Annuity Payout Denied

I’m working on an interesting case now involving a nonqualified annuity and the payout thereof.

A woman in her 40’s invested in an annuity contract and named her fiancee as beneficiary.

The woman died only a few years after the contract was issued, and the fiancee goes to collect on the contract.

Of course the insurer asks for a certified copy of the death certificate, and a notarized statement from the claimant/fiancee.

However, the insurer is also asking for a tax waiver from the state of New Jersey. The insurer is protecting themselves in the event New Jersey inheritance taxes are not paid: the insurer would be (or might be) on the hook for inheritance taxes due to New Jersey if the estate of the decedent did not pay.

In this case, the fiancee and the decedent’s family didn’t like each other when the decedent was alive; after her death they are bitter enemies. Since the fiancee was just that: a fiancee, and not a spouse, the decedent’s brother, her closest living relative, is entitled to Letters of Administration for the decedent’s estate. The fiancee has no legal standing.

The Administrator, the decedent’s brother, has basically told the fiancee to ‘get lost,’ and the Administrator is not helping the fiancee in any way whatsoever to obtain the tax waiver.

Without the tax waiver, the insurer is simply not paying out the annuity. Why should they?

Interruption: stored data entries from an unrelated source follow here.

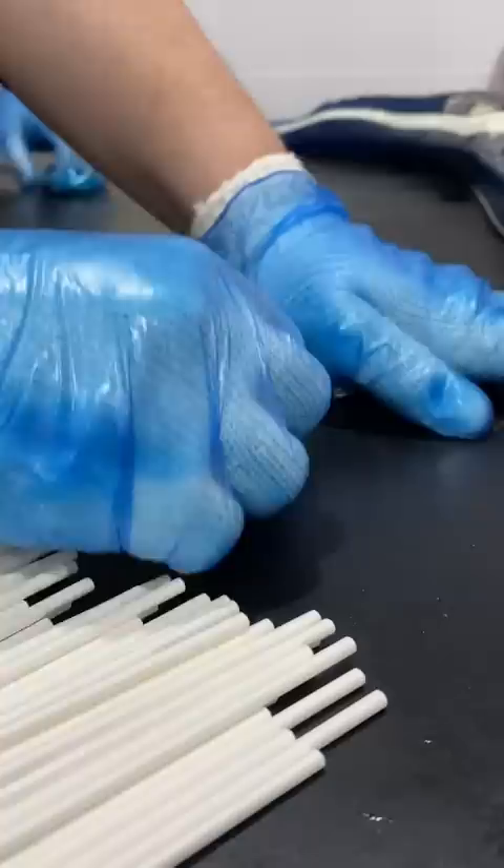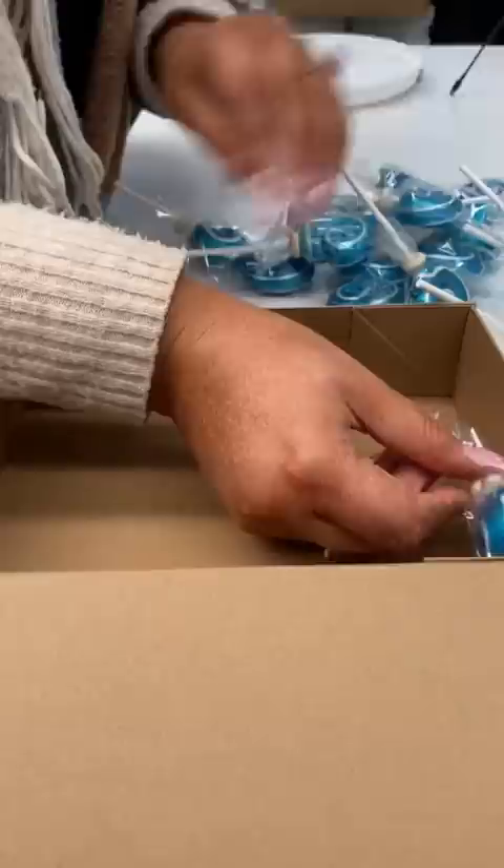We've created a lollipop box which could be used for party favors, for baby showers, or for kids' birthday parties. We think it's a really good way to make sure everybody gets a little something instead of having to buy a whole bag of candy sometimes.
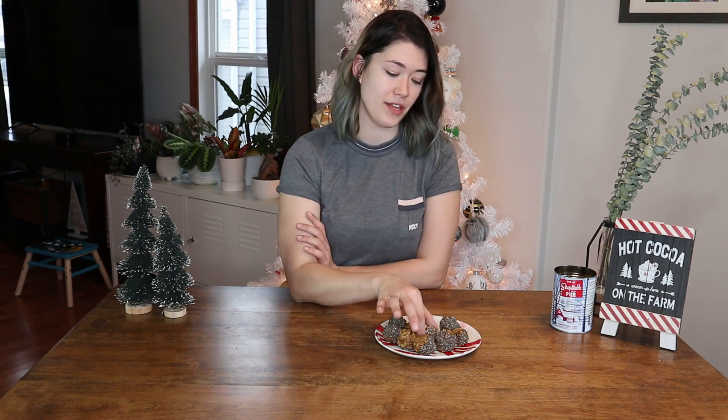So there you have it, guys — some delicious gingerbread energy bites. These are great for any time of the year but especially great for the holidays. Here's to you and your family: Merry Christmas, Happy New Year, happy holidays — whatever you're celebrating. I hope you enjoy these gingerbread energy bites — I know that I will.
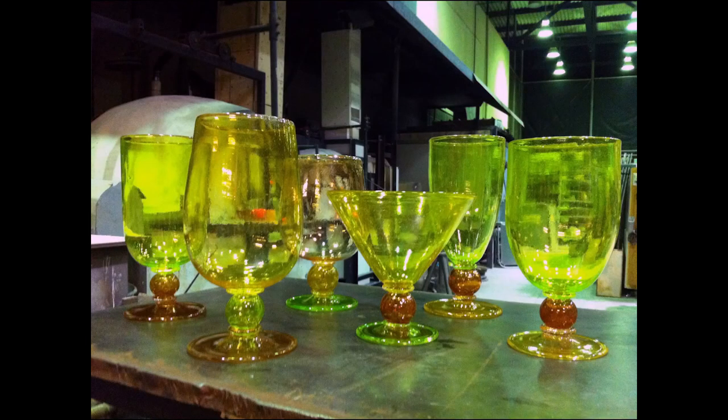Color in glassblowing is introduced during the process. When we make these cups, we start off with clear glass and roll it through color — we pick up the color, melt it all in, and then blow it out. The decorative process is a part of the forming process in glassblowing.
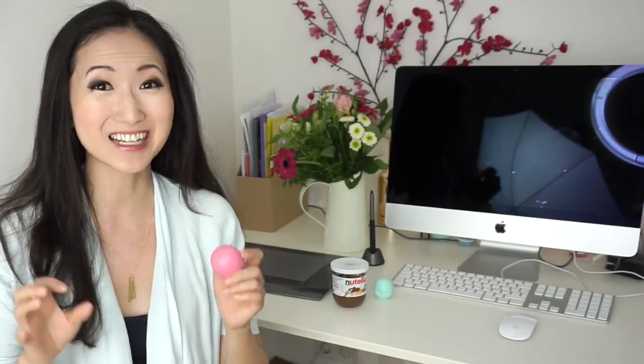I have the most amazing DIY for you today, and it hasn't actually been done anywhere online — I've looked on YouTube, I've looked on Google, and it's actually quite obvious, so I can't believe I've never tried it before. I present to you the first ever Nutella EOS lip balm tutorial.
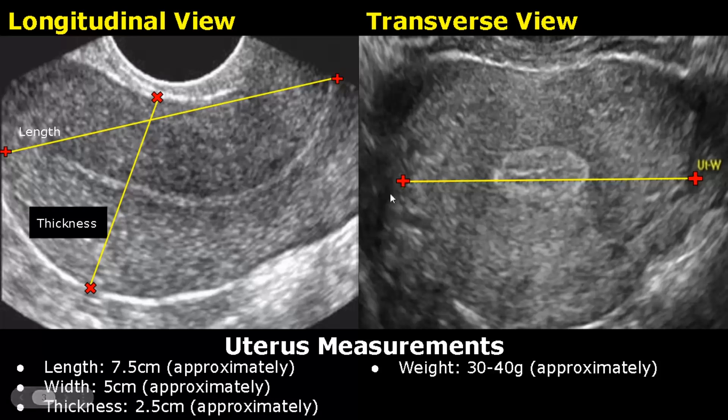And in the transverse view, taken transvaginally, we can measure the width of the uterus. The uterus weighs around 30 to 40 grams.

We’ve tried to have the insurer payout half the annuity, and retain half as a reserve against potential tax liability, so the fiancee can move forward with his life (and pay me), and we have time to figure out how to proceed. The insurer rejected this proposal, so right now we’re weighing all of our options.

Importantly, the sales representative had no idea this was a requirement, and is taking hell from the fiancee. My guess is all insurers have the same policy, and as well all financial institutions would with respect to ‘transfer on death’ or ‘payable on death’ accounts.

Further on this issue, more or less, I’ve had situations where the beneficiary of a decedent’s life insurance policy collected the proceeds (no tax waivers are required in New York), and refused to tell the executor how much the death benefit was. This is a problem, since the death benefit must be included on the decedent’s tax return (even though the proceeds are included as gross income). We had a bit of a hard time getting form 712 from the insurer (which is sort of like a 1099, a form which reports information to the IRS) to attach to the estate tax return.

Which led then to the further thought as to the situation where someone owned life insurance on the decedent’s life (which thus must be reported on the estate tax return, form 706), yet the executor was not aware the contract even existed. I’ll bet this situation is more common than we know, because we don’t know what we don’t know.

Eventually, I suppose, the IRS will catch up because the insurer is required to send in the form 712 to the IRS, who will then, theoretically, see if it was reported on the decedent’s estate tax return.